**Records provided:**
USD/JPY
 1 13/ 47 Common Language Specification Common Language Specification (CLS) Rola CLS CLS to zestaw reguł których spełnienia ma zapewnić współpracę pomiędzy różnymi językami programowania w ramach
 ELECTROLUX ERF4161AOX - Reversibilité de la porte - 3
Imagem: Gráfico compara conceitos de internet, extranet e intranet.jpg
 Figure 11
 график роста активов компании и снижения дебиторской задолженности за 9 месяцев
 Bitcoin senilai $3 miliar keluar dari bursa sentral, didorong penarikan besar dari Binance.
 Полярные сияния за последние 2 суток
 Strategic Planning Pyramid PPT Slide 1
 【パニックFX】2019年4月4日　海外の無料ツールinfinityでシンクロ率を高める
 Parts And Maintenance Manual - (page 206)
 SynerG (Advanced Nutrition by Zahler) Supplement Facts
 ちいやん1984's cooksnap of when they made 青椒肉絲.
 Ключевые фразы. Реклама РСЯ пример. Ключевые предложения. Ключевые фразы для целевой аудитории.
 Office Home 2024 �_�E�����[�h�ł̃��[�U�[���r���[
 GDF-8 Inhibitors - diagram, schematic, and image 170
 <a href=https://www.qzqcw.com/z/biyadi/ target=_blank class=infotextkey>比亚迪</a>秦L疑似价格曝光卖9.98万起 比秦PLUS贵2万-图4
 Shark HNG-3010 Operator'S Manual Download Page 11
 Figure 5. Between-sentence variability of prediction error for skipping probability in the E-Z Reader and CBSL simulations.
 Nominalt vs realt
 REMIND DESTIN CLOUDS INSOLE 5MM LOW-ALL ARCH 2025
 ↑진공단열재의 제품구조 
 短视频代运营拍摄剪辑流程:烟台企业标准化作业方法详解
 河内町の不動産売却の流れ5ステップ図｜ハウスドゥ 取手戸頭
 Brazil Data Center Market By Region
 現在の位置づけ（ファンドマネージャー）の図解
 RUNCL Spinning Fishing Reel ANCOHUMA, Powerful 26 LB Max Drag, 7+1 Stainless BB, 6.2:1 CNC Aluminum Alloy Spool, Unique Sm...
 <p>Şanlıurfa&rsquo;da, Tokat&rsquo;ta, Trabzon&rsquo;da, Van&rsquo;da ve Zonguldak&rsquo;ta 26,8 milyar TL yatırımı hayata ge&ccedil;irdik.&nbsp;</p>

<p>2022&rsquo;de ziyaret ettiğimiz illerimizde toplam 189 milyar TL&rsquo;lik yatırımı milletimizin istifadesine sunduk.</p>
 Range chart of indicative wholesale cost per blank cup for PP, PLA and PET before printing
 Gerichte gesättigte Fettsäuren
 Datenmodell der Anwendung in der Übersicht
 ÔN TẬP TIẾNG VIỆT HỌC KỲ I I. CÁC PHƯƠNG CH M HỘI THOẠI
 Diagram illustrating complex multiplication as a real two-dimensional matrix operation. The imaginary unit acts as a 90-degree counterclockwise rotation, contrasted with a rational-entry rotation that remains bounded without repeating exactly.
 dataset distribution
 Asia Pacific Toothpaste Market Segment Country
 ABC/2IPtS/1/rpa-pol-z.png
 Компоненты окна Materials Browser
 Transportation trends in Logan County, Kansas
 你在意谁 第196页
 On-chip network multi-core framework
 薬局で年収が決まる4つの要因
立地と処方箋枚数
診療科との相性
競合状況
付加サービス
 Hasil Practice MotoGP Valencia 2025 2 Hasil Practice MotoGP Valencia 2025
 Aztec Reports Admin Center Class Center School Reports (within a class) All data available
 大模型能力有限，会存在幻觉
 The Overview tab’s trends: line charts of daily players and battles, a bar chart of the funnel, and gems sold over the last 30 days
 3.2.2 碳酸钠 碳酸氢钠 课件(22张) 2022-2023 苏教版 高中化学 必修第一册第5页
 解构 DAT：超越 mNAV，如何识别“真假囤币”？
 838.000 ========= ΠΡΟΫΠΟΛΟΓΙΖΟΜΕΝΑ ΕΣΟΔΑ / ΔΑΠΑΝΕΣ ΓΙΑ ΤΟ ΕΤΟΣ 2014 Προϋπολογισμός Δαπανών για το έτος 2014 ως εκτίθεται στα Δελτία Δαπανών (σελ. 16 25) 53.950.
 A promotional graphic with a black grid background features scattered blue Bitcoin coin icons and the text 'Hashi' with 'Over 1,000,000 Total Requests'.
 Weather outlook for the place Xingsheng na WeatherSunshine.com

**Work instruction:**
Word for word, retype all of the material.

**Exercise output:**
USD/JPY
 1 13/ 47 Common Language Specification Common Language Specification (CLS) Rola CLS CLS to zestaw reguł których spełnienia ma zapewnić współpracę pomiędzy różnymi językami programowania w ramach
 ELECTROLUX ERF4161AOX - Reversibilité de la porte - 3
Imagem: Gráfico compara conceitos de internet, extranet e intranet.jpg
 Figure 11
 график роста активов компании и снижения дебиторской задолженности за 9 месяцев
 Bitcoin senilai $3 miliar keluar dari bursa sentral, didorong penarikan besar dari Binance.
 Полярные сияния за последние 2 суток
 Strategic Planning Pyramid PPT Slide 1
 【パニックFX】2019年4月4日　海外の無料ツールinfinityでシンクロ率を高める
 Parts And Maintenance Manual - (page 206)
 SynerG (Advanced Nutrition by Zahler) Supplement Facts
 ちいやん1984's cooksnap of when they made 青椒肉絲.
 Ключевые фразы. Реклама РСЯ пример. Ключевые предложения. Ключевые фразы для целевой аудитории.
 Office Home 2024 �_�E�����[�h�ł̃��[�U�[���r���[
 GDF-8 Inhibitors - diagram, schematic, and image 170
 <a href=https://www.qzqcw.com/z/biyadi/ target=_blank class=infotextkey>比亚迪</a>秦L疑似价格曝光卖9.98万起 比秦PLUS贵2万-图4
 Shark HNG-3010 Operator'S Manual Download Page 11
 Figure 5. Between-sentence variability of prediction error for skipping probability in the E-Z Reader and CBSL simulations.
 Nominalt vs realt
 REMIND DESTIN CLOUDS INSOLE 5MM LOW-ALL ARCH 2025
 ↑진공단열재의 제품구조 
 短视频代运营拍摄剪辑流程:烟台企业标准化作业方法详解
 河内町の不動産売却の流れ5ステップ図｜ハウスドゥ 取手戸頭
 Brazil Data Center Market By Region
 現在の位置づけ（ファンドマネージャー）の図解
 RUNCL Spinning Fishing Reel ANCOHUMA, Powerful 26 LB Max Drag, 7+1 Stainless BB, 6.2:1 CNC Aluminum Alloy Spool, Unique Sm...
 <p>Şanlıurfa&rsquo;da, Tokat&rsquo;ta, Trabzon&rsquo;da, Van&rsquo;da ve Zonguldak&rsquo;ta 26,8 milyar TL yatırımı hayata ge&ccedil;irdik.&nbsp;</p>

<p>2022&rsquo;de ziyaret ettiğimiz illerimizde toplam 189 milyar TL&rsquo;lik yatırımı milletimizin istifadesine sunduk.</p>
 Range chart of indicative wholesale cost per blank cup for PP, PLA and PET before printing
 Gerichte gesättigte Fettsäuren
 Datenmodell der Anwendung in der Übersicht
 ÔN TẬP TIẾNG VIỆT HỌC KỲ I I. CÁC PHƯƠNG CH M HỘI THOẠI
 Diagram illustrating complex multiplication as a real two-dimensional matrix operation. The imaginary unit acts as a 90-degree counterclockwise rotation, contrasted with a rational-entry rotation that remains bounded without repeating exactly.
 dataset distribution
 Asia Pacific Toothpaste Market Segment Country
 ABC/2IPtS/1/rpa-pol-z.png
 Компоненты окна Materials Browser
 Transportation trends in Logan County, Kansas
 你在意谁 第196页
 On-chip network multi-core framework
 薬局で年収が決まる4つの要因
立地と処方箋枚数
診療科との相性
競合状況
付加サービス
 Hasil Practice MotoGP Valencia 2025 2 Hasil Practice MotoGP Valencia 2025
 Aztec Reports Admin Center Class Center School Reports (within a class) All data available
 大模型能力有限，会存在幻觉
 The Overview tab’s trends: line charts of daily players and battles, a bar chart of the funnel, and gems sold over the last 30 days
 3.2.2 碳酸钠 碳酸氢钠 课件(22张) 2022-2023 苏教版 高中化学 必修第一册第5页
 解构 DAT：超越 mNAV，如何识别“真假囤币”？
 838.000 ========= ΠΡΟΫΠΟΛΟΓΙΖΟΜΕΝΑ ΕΣΟΔΑ / ΔΑΠΑΝΕΣ ΓΙΑ ΤΟ ΕΤΟΣ 2014 Προϋπολογισμός Δαπανών για το έτος 2014 ως εκτίθεται στα Δελτία Δαπανών (σελ. 16 25) 53.950.
 A promotional graphic with a black grid background features scattered blue Bitcoin coin icons and the text 'Hashi' with 'Over 1,000,000 Total Requests'.
 Weather outlook for the place Xingsheng na WeatherSunshine.com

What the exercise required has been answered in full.